§ **SOURCE MATERIAL**
:::::
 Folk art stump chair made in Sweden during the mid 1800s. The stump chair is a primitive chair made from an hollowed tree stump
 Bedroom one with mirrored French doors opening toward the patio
:::::
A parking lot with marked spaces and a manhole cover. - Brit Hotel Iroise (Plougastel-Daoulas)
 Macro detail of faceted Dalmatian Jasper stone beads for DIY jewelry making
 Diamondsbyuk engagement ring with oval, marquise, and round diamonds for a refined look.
:::::
§ **ACTIVITY**
Wherever the word "with" turns up in the material, copy the whole line.

§ **EXERCISE RESULT**
 Bedroom one with mirrored French doors opening toward the patio
A parking lot with marked spaces and a manhole cover. - Brit Hotel Iroise (Plougastel-Daoulas)
 Diamondsbyuk engagement ring with oval, marquise, and round diamonds for a refined look.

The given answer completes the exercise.